But some kind friends have reached out and asked for an update, so here it is!

Michal and I quit our jobs and sold our house in Klamath Falls in August. I am now living in my parents' basement in The Dalles while Michal bicycles across the Pacific Northwest

In a few weeks, we will hop on a plane and fly to Poland, where we hope to live for the next two years... or maybe more?!?

What's In A Name?

As I contemplate our move to Europe, one of the issues on my mind is language, and more specifically, names.
When I got married, I took my husband’s last name. I didn’t want to at first. I didn’t like the symbolism of becoming my husband’s property and therefore surrendering my own name and identity. These ideas were hard for me to articulate in those early days of our courtship, and I really wanted to marry him, so I did what he wanted.
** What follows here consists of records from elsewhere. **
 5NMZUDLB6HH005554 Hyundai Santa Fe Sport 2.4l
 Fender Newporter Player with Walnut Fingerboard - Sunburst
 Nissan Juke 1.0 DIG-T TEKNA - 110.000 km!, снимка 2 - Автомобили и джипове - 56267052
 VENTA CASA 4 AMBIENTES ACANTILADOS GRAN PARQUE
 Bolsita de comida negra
His father had died and he was the only son in the family, and he felt a huge responsibility to his surname.
Also, I liked the sound of his name - it was Slavic sounding and it went well with the sound of my first name.
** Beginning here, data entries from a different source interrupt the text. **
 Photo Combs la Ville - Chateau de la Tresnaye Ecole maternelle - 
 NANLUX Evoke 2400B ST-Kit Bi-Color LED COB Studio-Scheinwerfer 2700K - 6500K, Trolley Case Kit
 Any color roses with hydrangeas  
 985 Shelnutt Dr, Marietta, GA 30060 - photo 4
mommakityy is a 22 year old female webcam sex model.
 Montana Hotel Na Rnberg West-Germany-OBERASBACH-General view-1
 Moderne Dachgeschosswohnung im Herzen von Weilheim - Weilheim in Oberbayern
However, to any English-speaker who grew up learning Spanish as a second language, the name Kawka looks like it should sound like the Spanish word for poop: caca.

When we get to Poland, I will no longer have to explain my last name to anyone. I can't tell you how many times I've been on the phone with customer support and I've spelled my name for them, and there's just this awkward silence. "Oh, that's unusual."  They can't say that it reminds them of the Spanish word for poop because their job is to be polite on the phone. Yeah. But I know what they're thinking.
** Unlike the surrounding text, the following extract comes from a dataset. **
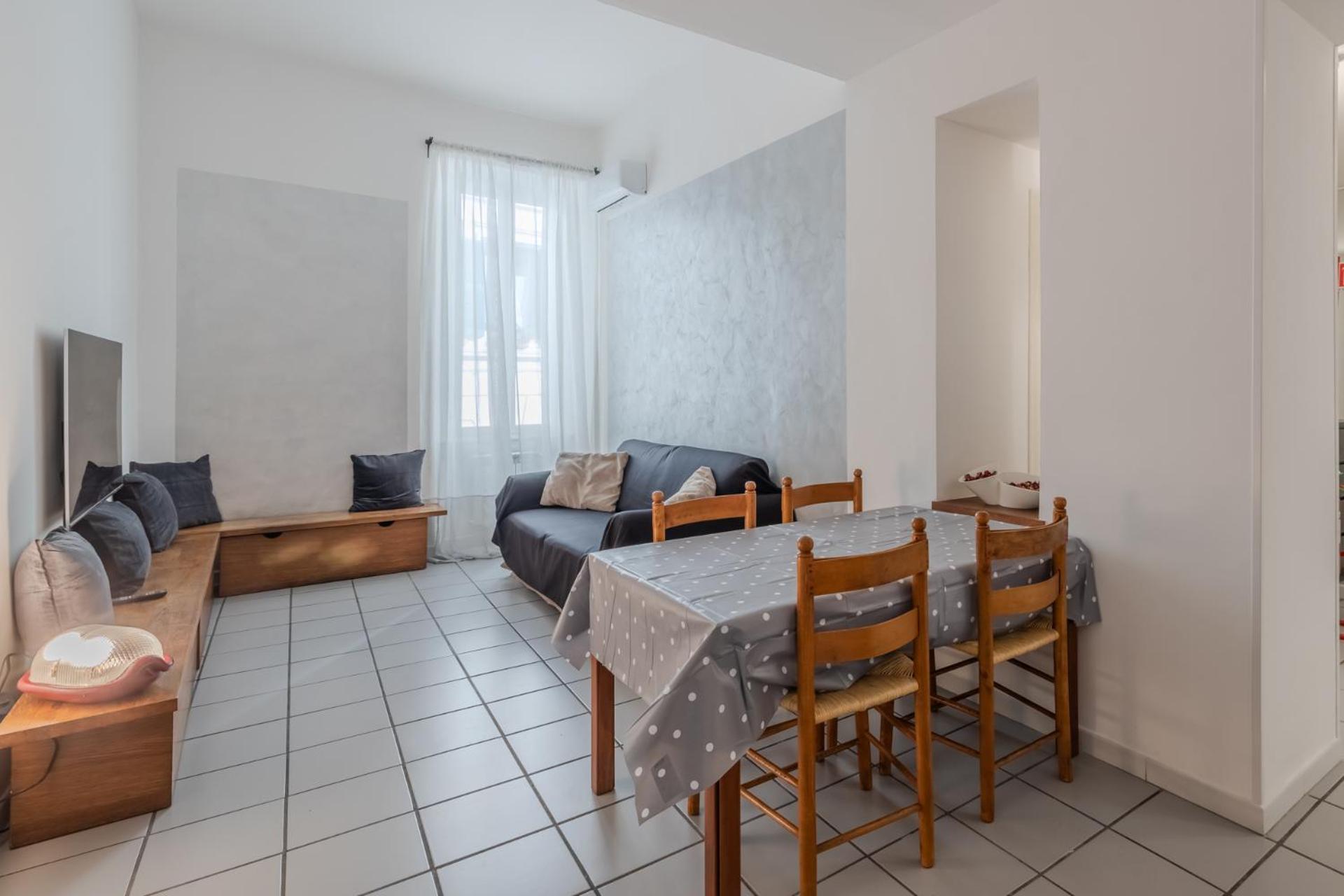 Vibrant Trastevere 2 Bedrooms On Via Del Moro Apartment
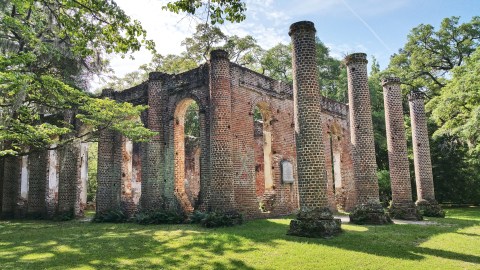 The Real Story Behind The Old Sheldon Church Ruins in South Carolina Remains A Mystery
In Poland, everyone knows what a kawka is. Kawka is the common name for a family of small blackbirds in the corvidae family. We might call them crows or jackdaws in English. Hence the title of my blog here: As The Crows Fly. We are the flying blackbird family!

Soon the flying Kawkas will be in Poland, the land where a "w" is pronounced like a "v" or "f" in English.

Franz Kafka, the famous writer, bears the same name as me, only he was born in Bohemia, aka Czech Republic, so he spells it with an F.